I added to the filter .isin(['AW', 'RT', 'PN']) the 'PN' which is for "Pending" because we are going to assume the majority of these students will graduate. 'AW' is 'Awarded' and 'RT' is 'Reverse Transfer.'

In [None]:
#Import graduates
grads = (pd.read_csv(f'{DATA_PATH}/{GRAD_DATA}')
           .rename(columns = str.upper)
           .rename(columns = {'STUDENTID':'ID'})
           .query("STS in ['AW', 'RT','PN']")
           [['ID', 'STS']]
        )

#Merge Graduates with final
final = (final.merge(grads, how = 'left', on = 'ID')
              .drop_duplicates('ID')
              .query("STS.isnull()")
              .reset_index(drop = True)
        )

In [None]:
print("There are " + str(len(final[final['STYPE'] == "H"])) + " High School Students unenrolled.")
print("And there are " + str(len(grads)) + " graduates for Fall 2024 that were removed.")

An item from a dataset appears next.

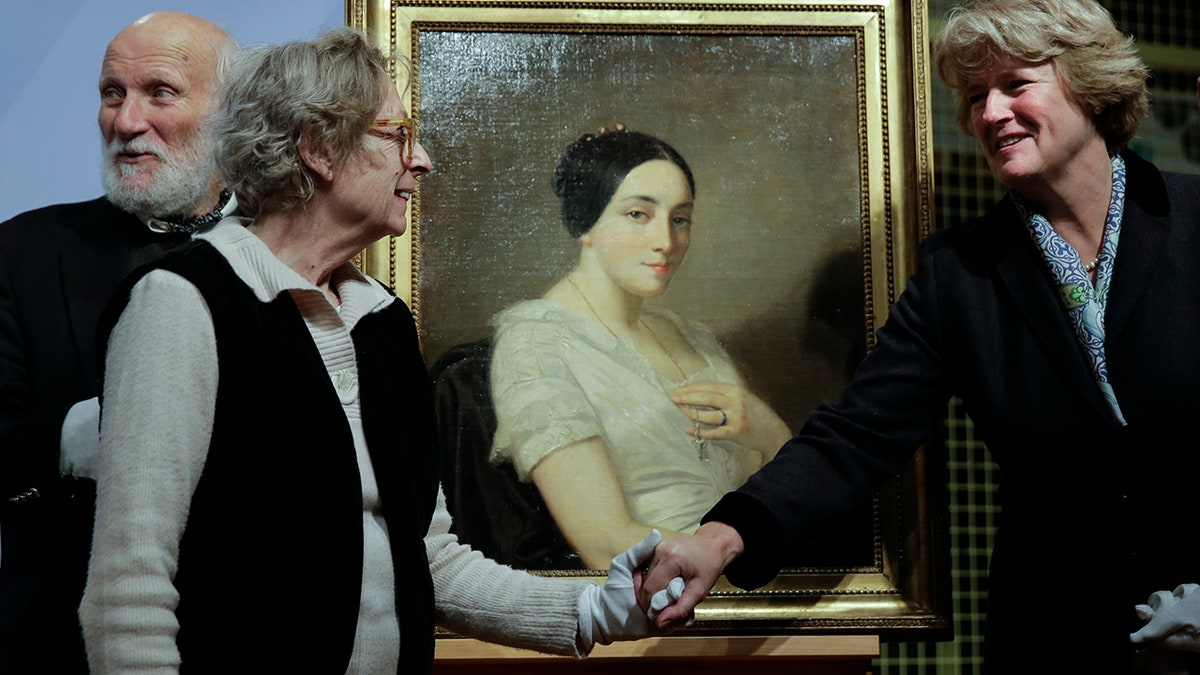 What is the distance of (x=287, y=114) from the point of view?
1.62 m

# There are 403 High School Students unenrolled.
# And there are 412 graduates for Fall 2024 that were removed.

In [None]:
# Filter out High School Students
final = final[final['STYPE'] != 'H'].reset_index(drop = True)

In [None]:
print("There are " + str(len(final)) + " students who have no holds, have not graduated, \
and are not high school students that still have not enrolled for Spring 2025.", '\n\n',
     'This means there are ', str(round(len(final)/tot_enrolled['COUNT'].sum() * 100, 2)), '% of Fall students \
that are eligible to reenroll but have not.', sep = '')

# There are 1412 students who have no holds, have not graduated, 
# and are not high school students that still have not enrolled for Spring 2025.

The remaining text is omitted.